Brothers and sisters, we must be especially careful to not love what this world loves, and to not live for what won’t last. The pull of the world is so strong, we cannot hope to resist it unless we are alert to its dangers.
Instead, we are invited to join in the work of the kingdom - investing in gospel work with our lives and our resources, labouring to make Christ known and make disciples in MK and beyond, serving the lost so they might be saved, and serving one another so that we might reach maturity in Christ.
Yes, go to work, build a career! Yes, enjoy your possessions! Yes, plant gardens, paint walls, and cook delicious food!
But do it all to be rich towards God and his kingdom - being radically generous with all you have and all you are for the sake of Christ and his glory.
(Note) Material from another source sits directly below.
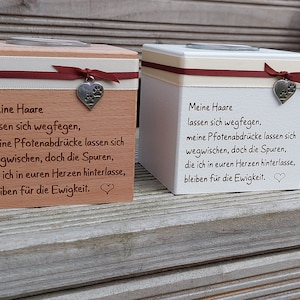 Op de afbeelding: Twee houten kaarshouders met een wit lint en een rood lint. De kaarshouders hebben een pootprintbedel en een boodschap die luidt: "Mijn haar kan weg zijn, maar de pootstappen die ik in je hart achterlaat, blijven voor altijd."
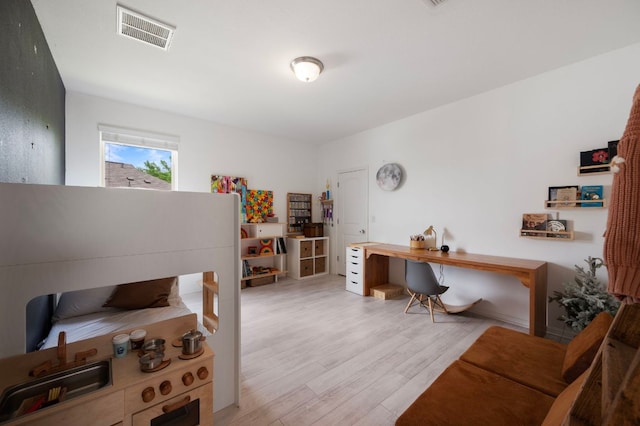 800 Totis Rd, Austin, TX 78748 - office with light wood finished floors and visible vents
CT Studd, one-time cricketer and later a missionary in China alongside Hudson Taylor, wrote:
Two little lines I heard one day,
Traveling along life’s busy way;
Bringing conviction to my heart,
And from my mind would not depart;
Only one life, ’twill soon be past,
Only what’s done for Christ will last.
Only one life, the still small voice,
Gently pleads for a better choice
Bidding me selfish aims to leave,
And to God’s holy will to cleave;
Only one life, ’twill soon be past,
Only what’s done for Christ will last.
When this bright world would tempt me sore,
When Satan would a victory score;
When self would seek to have its way,
Then help me Lord with joy to say;
Only one life, ’twill soon be past,
Only what’s done for Christ will last.
Oh let my love with fervor burn,
And from the world now let me turn;
Living for Thee, and Thee alone,
Bringing Thee pleasure on Thy throne;
Only one life, ’twill soon be past,
Only what’s done for Christ will last.
Only one life, yes only one,
Now let me say, “Thy will be done”;
And when at last I’ll hear the call,
I know I’ll say “twas worth it all”;
Only one life, ’twill soon be past,
Only what’s done for Christ will last.